July 6, 1944 – April 10, 2019
Herbert Michael Joseph Wytinck (Herb) passed away peacefully at home on Wednesday, April 10th, 2019 in Oliver, BC.
Herb will be sadly missed by his wife Beatrice (Bea) Wytinck, daughter and son-in-law Sonya Wytinck and Paul Parker, grandchildren Amanda and Dylan Wytinck, brother and sister-in-law Don and Deborah Wytinck, sister and brother-in-law Lillian and Maurice Delichte, mother-in-law Jean Cook, brother-in-law Jim Cook and many dear nieces, nephews and their children.
He is predeceased by his son Lyall Wytinck, his parents Martha and Isadore Wytinck, his brother and sister-in-law Edward and Margaret Wytinck and father-in-law Fred Cook.
Professionally, Herb had a distinguished career in the National Parole Service in Edmonton, where his natural leadership skills were quickly noticed, and he soon became a supervisor of the expanding service, teaching new officers how to balance authority and compassion wisely.

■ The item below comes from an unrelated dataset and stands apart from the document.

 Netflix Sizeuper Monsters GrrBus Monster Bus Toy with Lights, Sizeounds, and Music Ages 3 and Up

He was an early champion of core behavioral programming for offenders to help them learn to cope with community life. Widely respected by colleagues and senior management, he received an Exemplary Service Award from the Governor General. Herb was one of those who made community corrections in Canada a world leader prior to his retirement. A true friend and colleague, Herb rose beyond the usual to become the special.

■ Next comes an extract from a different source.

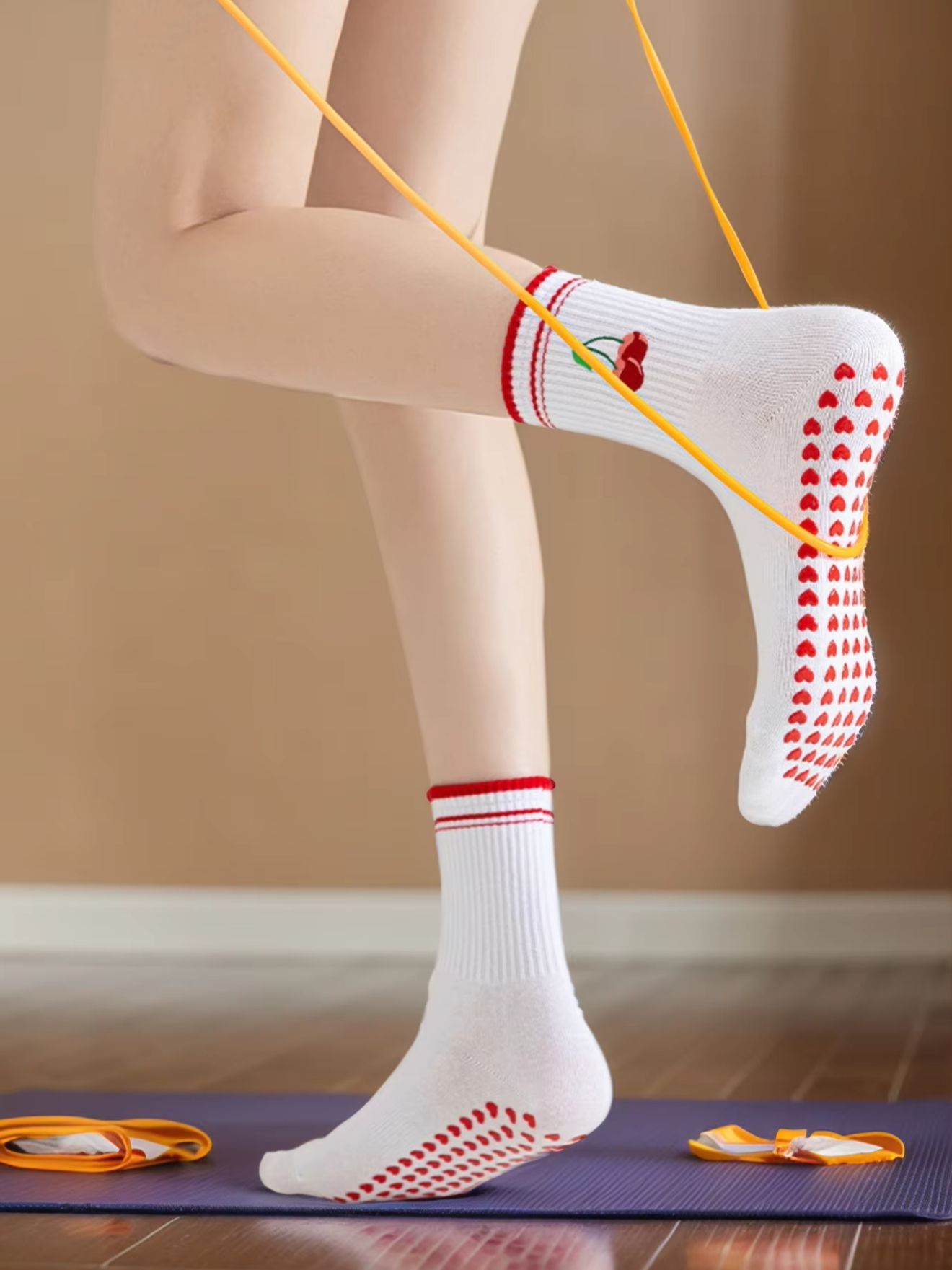Pilates & Yoga Vida - 1組のクロスボーダープロフェッショナルヨガソックス、コットンストラップ付きシリコン滑り止めピラティスフィットネスダンスフロアソックス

Herb was a devoted husband, father, grandfather, hunter, angler, Oiler’s fan and bien player. Naturally curious, he loved to learn about the places he lived and visited, understanding the people, geography and climate through conversation, reading and outdoor pursuits. In his earlier life, before his back issues limited him, he was an avid outdoorsman, spending summers camping and fishing and fall pursuing geese, grouse and pheasant. After retirement he enjoyed the RV life with Bea, mostly exploring the U.S. southwest, learning all the by-ways back routes, the odd and interesting places.
He taught his children and grandchildren to be thoughtful and curious, to pursue adventures whether grand or in their backyard. Taking his own advice, as he became less mobile he always took daily walks with Bea around their neighborhood or along the nearby river, marking the signs of the seasons and noting the birds and wildlife. He loved to engage in conversation with family and friends through phone calls, visits and most especially over a game of bien (cards), having a laugh, an argument or just sharing an experience.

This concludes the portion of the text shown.